As I wrote March 1 under the title “The Bank Insurance Daisy Chain,”
Historically the insurance industry is the largest investor in commercial bank Tier I capital securities, preferred shares, and so forth, such that a nationalization of the banking system and a repeat of the Fannie Mae/Freddie Mac conservatorship would have fatal consequences for the insurers. They already are beset by huge problems in their commercial mortgage portfolios.

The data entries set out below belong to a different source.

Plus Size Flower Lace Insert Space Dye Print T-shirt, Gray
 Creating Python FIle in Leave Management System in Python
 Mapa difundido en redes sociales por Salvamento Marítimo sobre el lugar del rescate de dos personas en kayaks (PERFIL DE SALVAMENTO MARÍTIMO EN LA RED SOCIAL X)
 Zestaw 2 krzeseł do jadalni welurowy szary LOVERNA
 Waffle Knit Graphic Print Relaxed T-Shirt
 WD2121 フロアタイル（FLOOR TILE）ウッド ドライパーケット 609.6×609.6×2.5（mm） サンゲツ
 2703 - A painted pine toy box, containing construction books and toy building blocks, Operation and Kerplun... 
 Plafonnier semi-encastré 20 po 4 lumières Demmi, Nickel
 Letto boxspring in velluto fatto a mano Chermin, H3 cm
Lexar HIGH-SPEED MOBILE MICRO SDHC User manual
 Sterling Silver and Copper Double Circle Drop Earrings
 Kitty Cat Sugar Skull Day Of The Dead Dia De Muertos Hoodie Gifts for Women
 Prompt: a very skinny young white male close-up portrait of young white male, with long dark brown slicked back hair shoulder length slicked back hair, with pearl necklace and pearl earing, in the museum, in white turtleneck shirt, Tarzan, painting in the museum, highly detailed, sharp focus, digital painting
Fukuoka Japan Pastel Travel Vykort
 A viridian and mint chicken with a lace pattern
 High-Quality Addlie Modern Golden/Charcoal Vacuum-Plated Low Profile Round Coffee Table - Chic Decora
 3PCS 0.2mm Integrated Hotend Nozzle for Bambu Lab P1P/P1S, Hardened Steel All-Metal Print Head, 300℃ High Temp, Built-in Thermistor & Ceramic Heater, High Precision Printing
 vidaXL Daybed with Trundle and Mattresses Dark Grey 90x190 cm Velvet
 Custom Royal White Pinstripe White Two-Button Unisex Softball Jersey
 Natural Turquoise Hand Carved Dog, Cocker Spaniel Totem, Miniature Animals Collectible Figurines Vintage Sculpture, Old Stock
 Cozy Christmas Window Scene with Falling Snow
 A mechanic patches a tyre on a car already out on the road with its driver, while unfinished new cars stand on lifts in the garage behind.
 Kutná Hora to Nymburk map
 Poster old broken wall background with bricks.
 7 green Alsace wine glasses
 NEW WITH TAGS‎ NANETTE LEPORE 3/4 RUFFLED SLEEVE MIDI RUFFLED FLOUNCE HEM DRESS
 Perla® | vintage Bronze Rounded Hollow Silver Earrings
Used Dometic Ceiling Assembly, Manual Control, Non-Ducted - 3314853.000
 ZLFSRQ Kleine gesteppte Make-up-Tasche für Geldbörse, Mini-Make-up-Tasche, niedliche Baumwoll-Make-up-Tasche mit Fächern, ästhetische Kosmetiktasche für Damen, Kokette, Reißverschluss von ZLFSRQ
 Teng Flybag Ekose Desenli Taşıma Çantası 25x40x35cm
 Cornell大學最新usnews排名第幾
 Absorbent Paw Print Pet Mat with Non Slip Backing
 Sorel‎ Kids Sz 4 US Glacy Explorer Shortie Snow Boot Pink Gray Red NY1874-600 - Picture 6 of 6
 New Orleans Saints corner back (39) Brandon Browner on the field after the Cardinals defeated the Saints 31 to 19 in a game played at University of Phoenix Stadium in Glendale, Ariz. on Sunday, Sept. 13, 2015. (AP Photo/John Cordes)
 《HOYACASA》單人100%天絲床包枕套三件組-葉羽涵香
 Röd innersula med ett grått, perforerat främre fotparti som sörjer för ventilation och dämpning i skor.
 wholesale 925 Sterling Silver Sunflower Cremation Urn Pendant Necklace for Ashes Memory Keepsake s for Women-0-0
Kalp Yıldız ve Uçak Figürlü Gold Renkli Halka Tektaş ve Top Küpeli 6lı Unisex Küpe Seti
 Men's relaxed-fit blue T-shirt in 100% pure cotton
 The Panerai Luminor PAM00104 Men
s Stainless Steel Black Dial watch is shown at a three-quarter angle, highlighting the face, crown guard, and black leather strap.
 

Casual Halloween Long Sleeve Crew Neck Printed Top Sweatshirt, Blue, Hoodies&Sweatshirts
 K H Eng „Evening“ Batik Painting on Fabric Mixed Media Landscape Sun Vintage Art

The credit of major insurers has collapsed on the credit default swap market with many of the major players (Hartford, Prudential, Metlife) trading in the LIBOR +1000 basis point range that used to indicate extreme distress. At these levels the insurers can’t fund. I have already seen anecdotal evidence that they are pushing up premiums to compensate, which will mean a loss of business in a tough economic environment....MORE
Yes and No. From Bloomberg last week:
AIG Competitors Complained About Rates, Dinallo Says
American International Group Inc., the insurer that got four bailouts from the federal government, has been the subject of complaints from rivals who say the firm is underpricing commercial coverage, a regulator said.
Competitors have said AIG was able to charge lower rates after getting government help, said New York Insurance Superintendent Eric Dinallo in an interview with Bloomberg Television today.
“We worry just as much about low pricing as high pricing,” because the industry needs to have enough capital to pay claims that may emerge years after policies are sold, Dinallo said. AIG, based in New York, sells coverage protecting companies against lawsuits, property damage and worker injuries.
Insurers including Hartford Financial Services Group Inc. have also applied for capital from the federal government, seeking to join more than 500 financial institutions that have received about $300 billion in government funds. Other insurers have complained that government aid gives a competitive advantage to the weakest firms at the expense of those that don’t need extra capital.
Government help “allows unhealthy insurers to grab more market share in the short term at levels that are unsustainable in the long term,” said David Sampson, head of the Property Casualty Insurers Association of America, an industry group, in a statement last week...MORE
HT: The Big Picture who comments:
Moral hazard not only encourages more bad behavior from poorly run firms, it punishes the good behavior of well run firms.